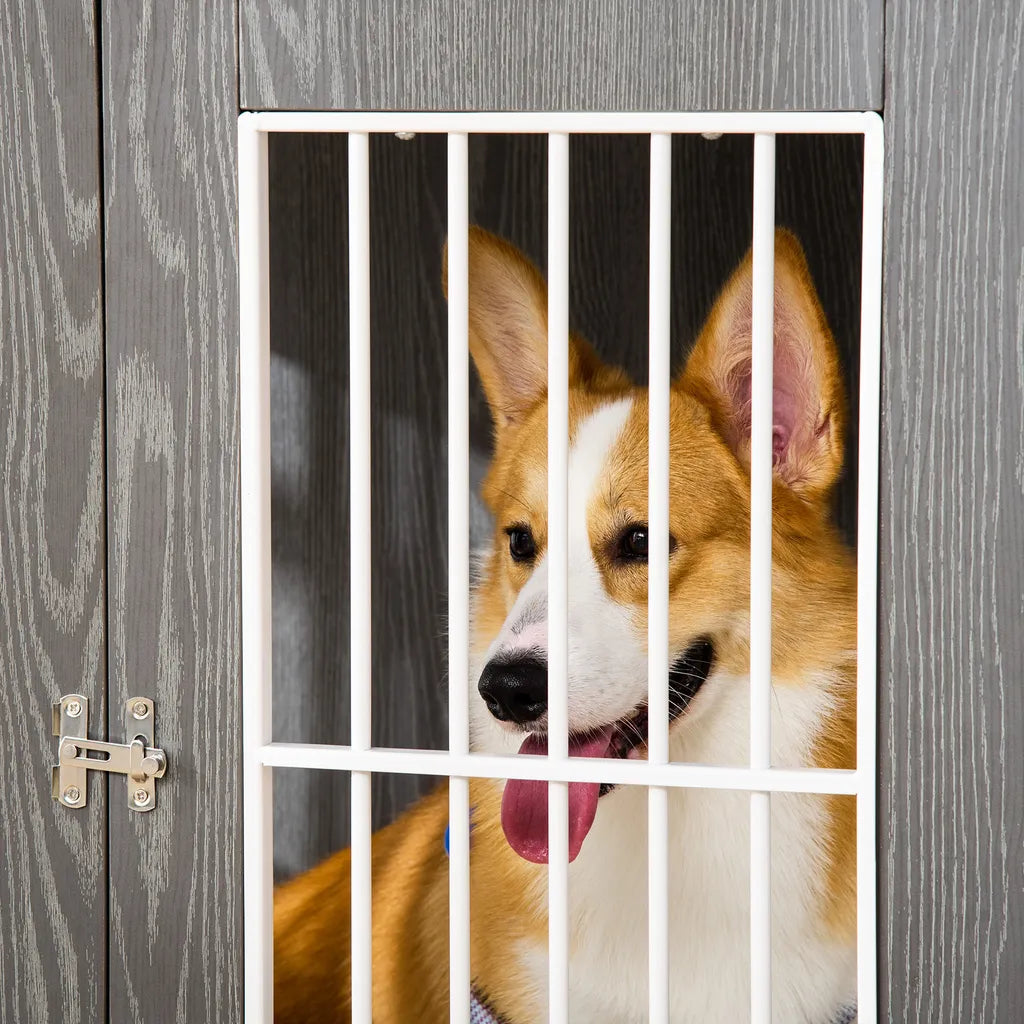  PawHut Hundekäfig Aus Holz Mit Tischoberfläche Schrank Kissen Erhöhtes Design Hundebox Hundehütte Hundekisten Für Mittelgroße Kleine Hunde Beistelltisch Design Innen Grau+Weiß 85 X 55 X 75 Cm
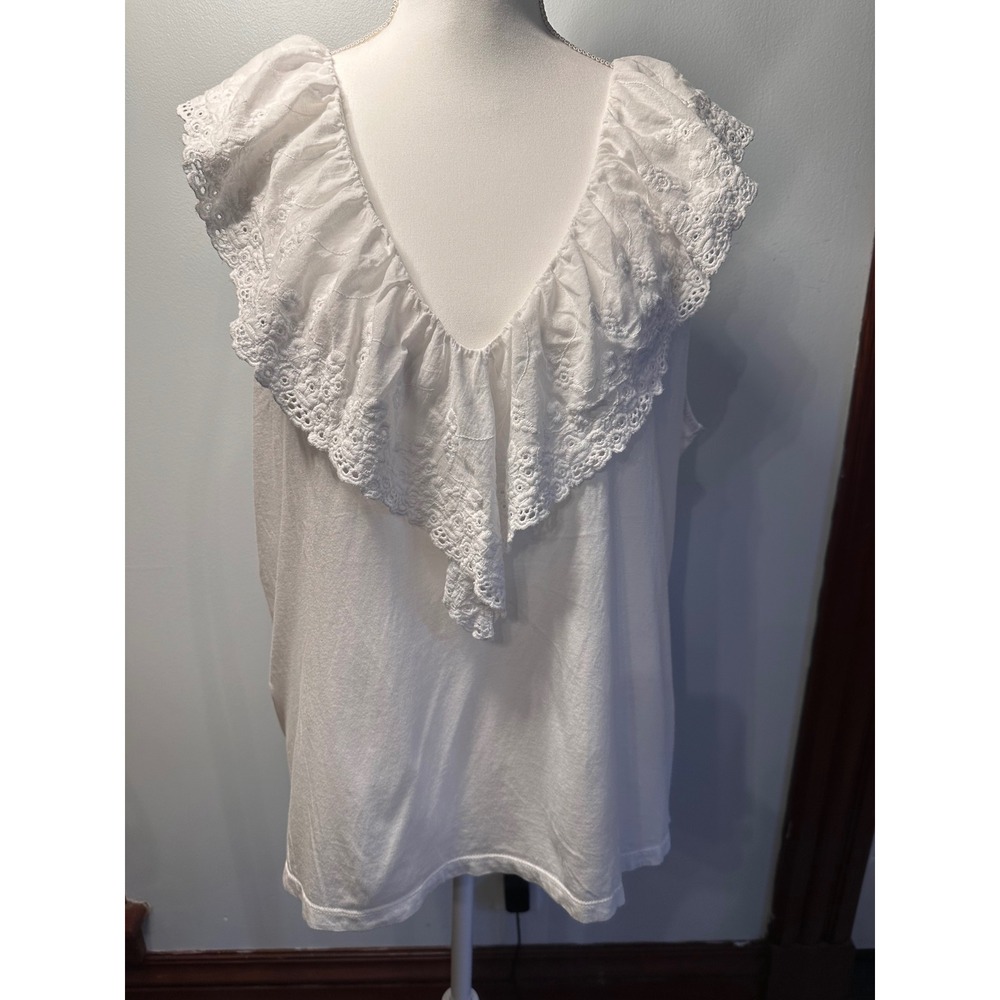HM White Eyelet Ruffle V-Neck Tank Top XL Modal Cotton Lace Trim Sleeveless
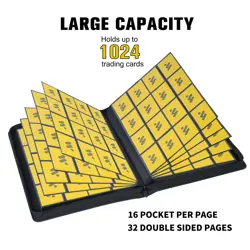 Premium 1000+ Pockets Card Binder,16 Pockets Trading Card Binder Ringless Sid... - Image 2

****

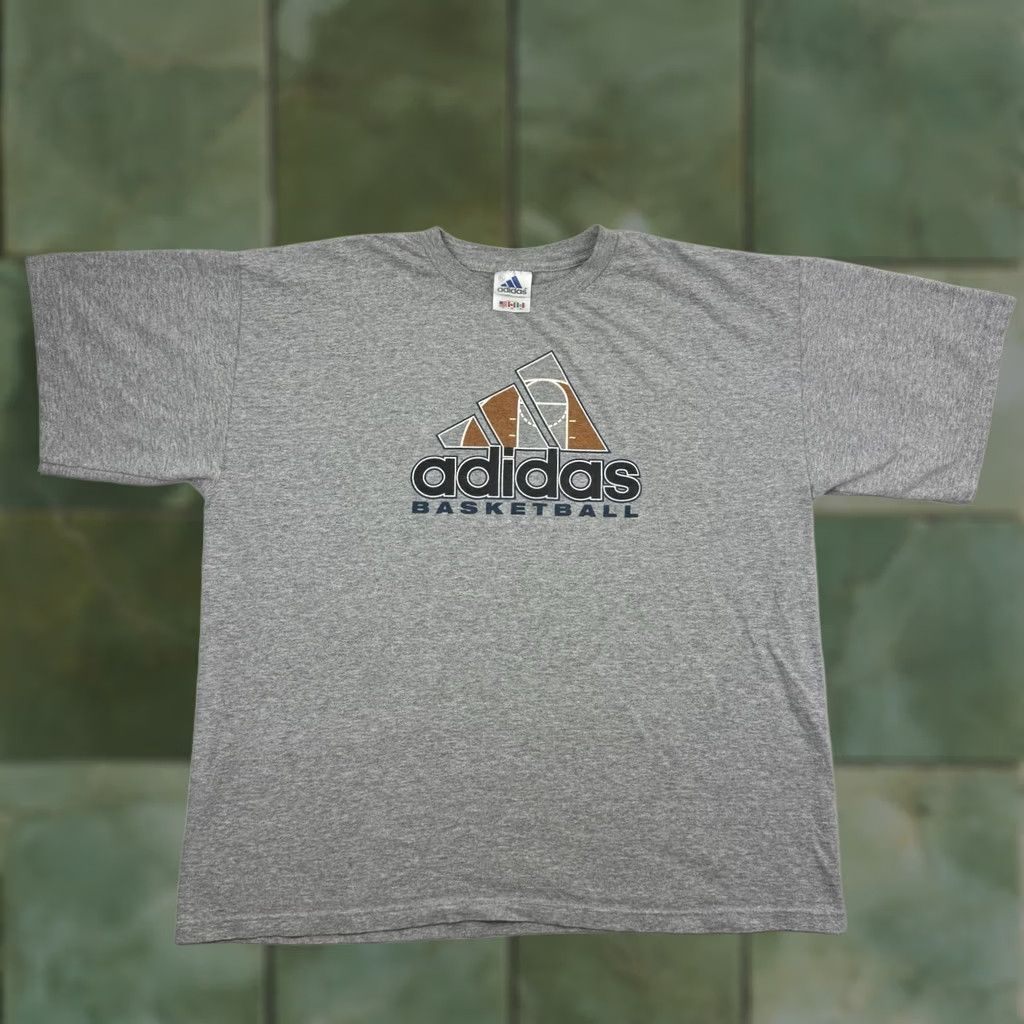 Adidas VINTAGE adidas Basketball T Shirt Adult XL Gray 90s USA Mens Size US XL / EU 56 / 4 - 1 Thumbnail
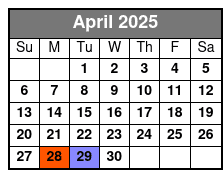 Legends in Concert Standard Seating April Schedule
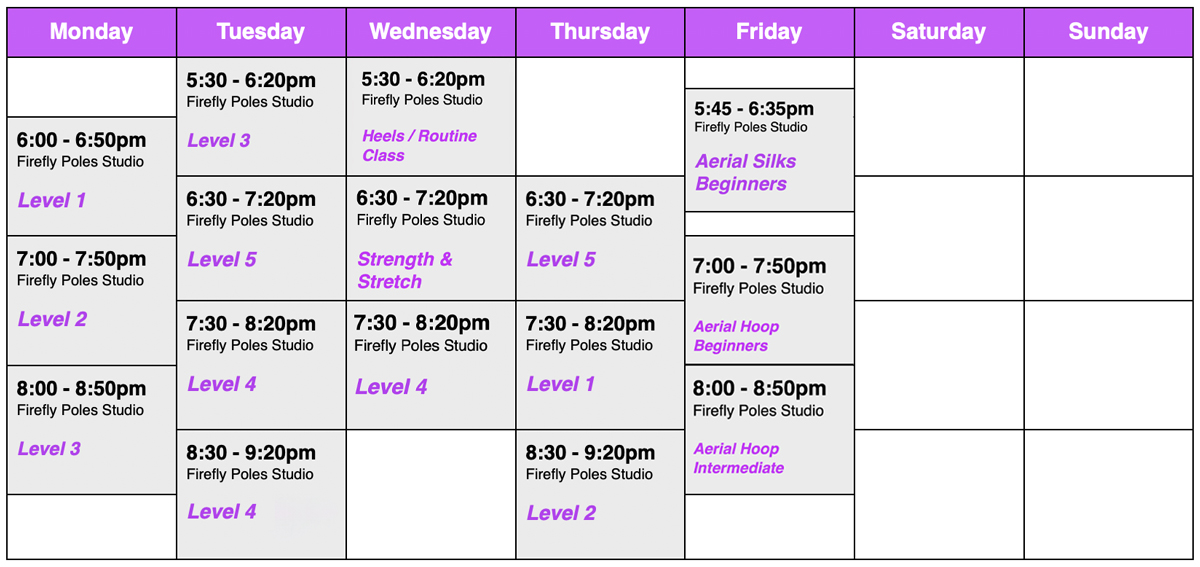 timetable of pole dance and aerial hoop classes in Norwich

****

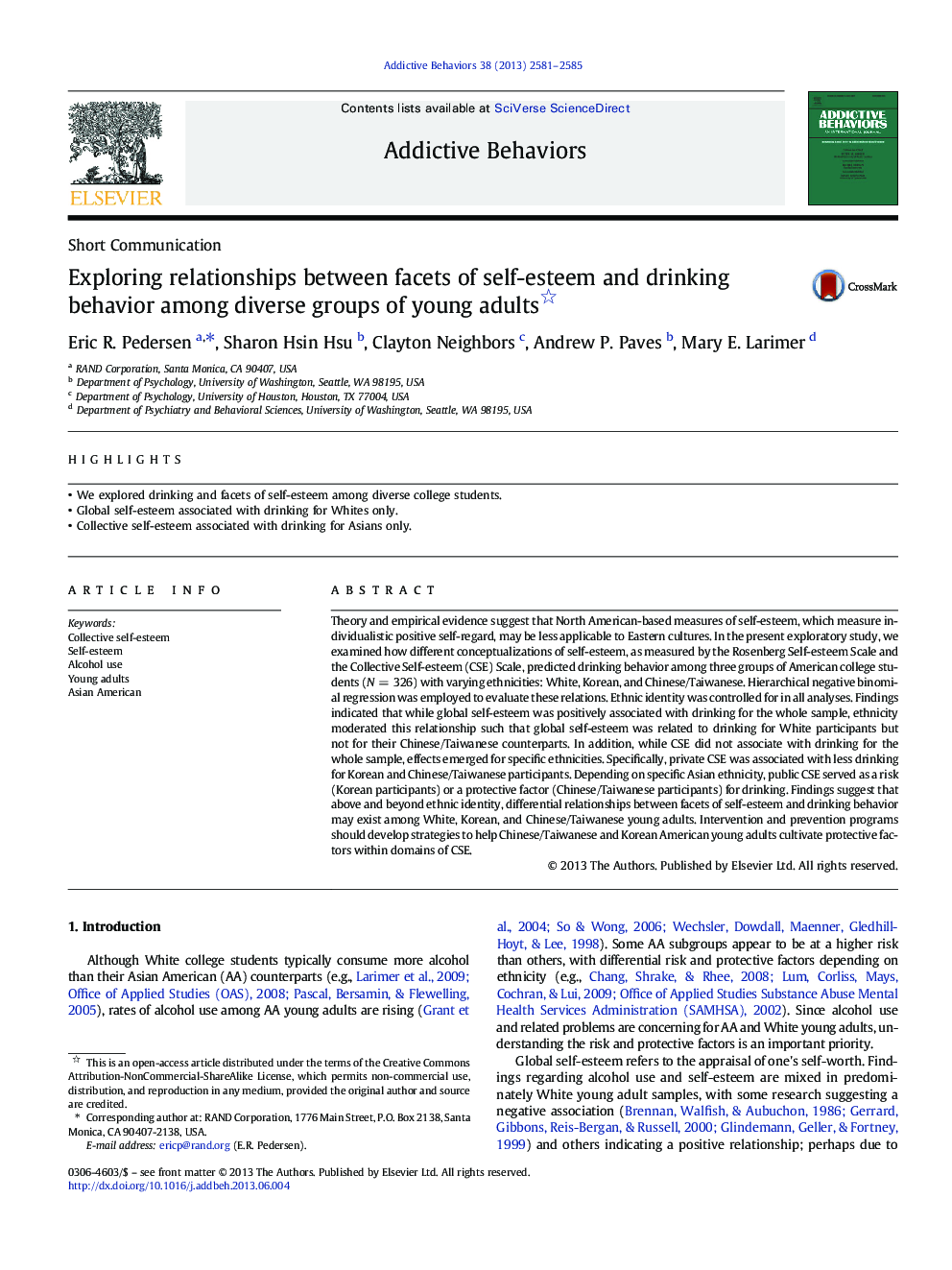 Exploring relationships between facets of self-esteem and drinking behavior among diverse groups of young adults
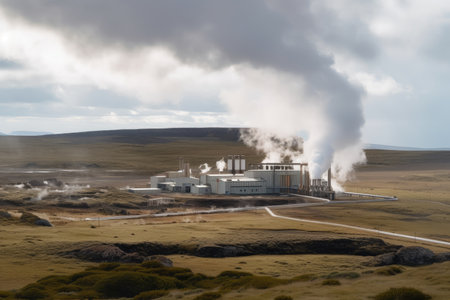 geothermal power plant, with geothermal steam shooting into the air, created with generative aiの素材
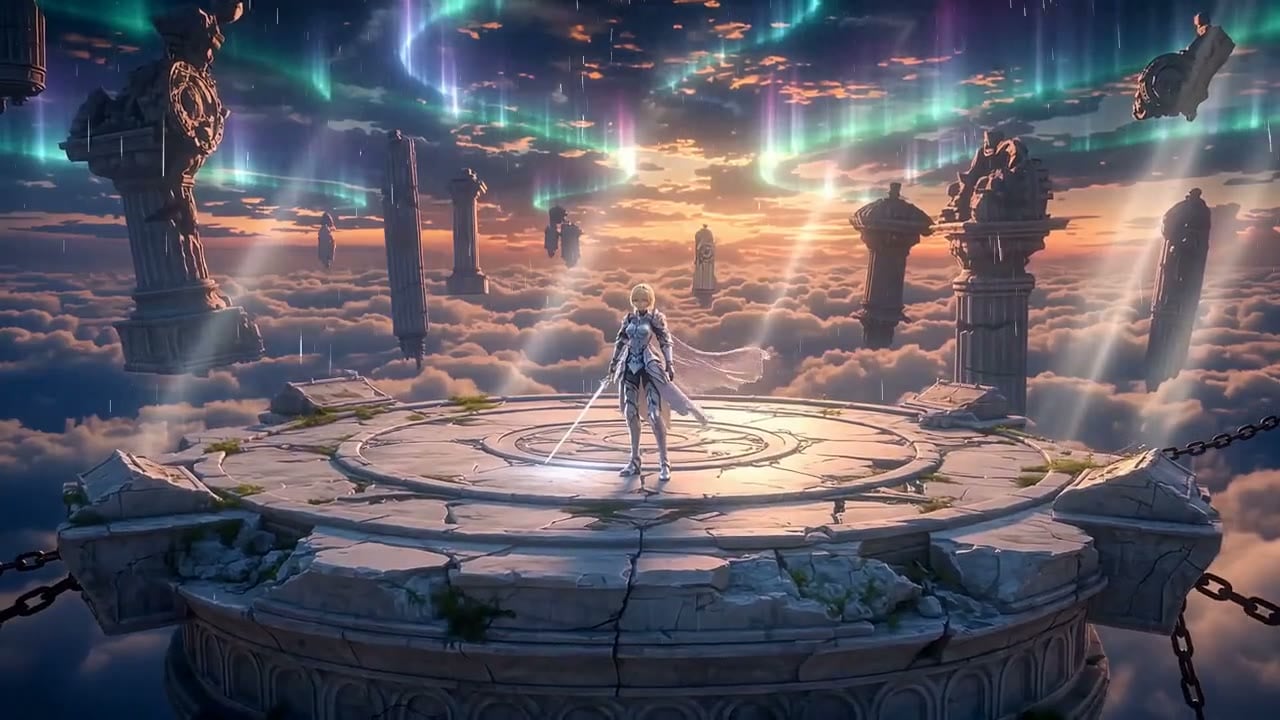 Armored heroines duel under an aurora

****

WHAT TO WORK ON ▸
Leaving out the pictures, please output the lines in the entries above from the one with "Exploring relationships between" through the one with "Armored heroines duel under an aurora", exactly as they are.

EXERCISE RESULT ▸
 Exploring relationships between facets of self-esteem and drinking behavior among diverse groups of young adults
 geothermal power plant, with geothermal steam shooting into the air, created with generative aiの素材
 Armored heroines duel under an aurora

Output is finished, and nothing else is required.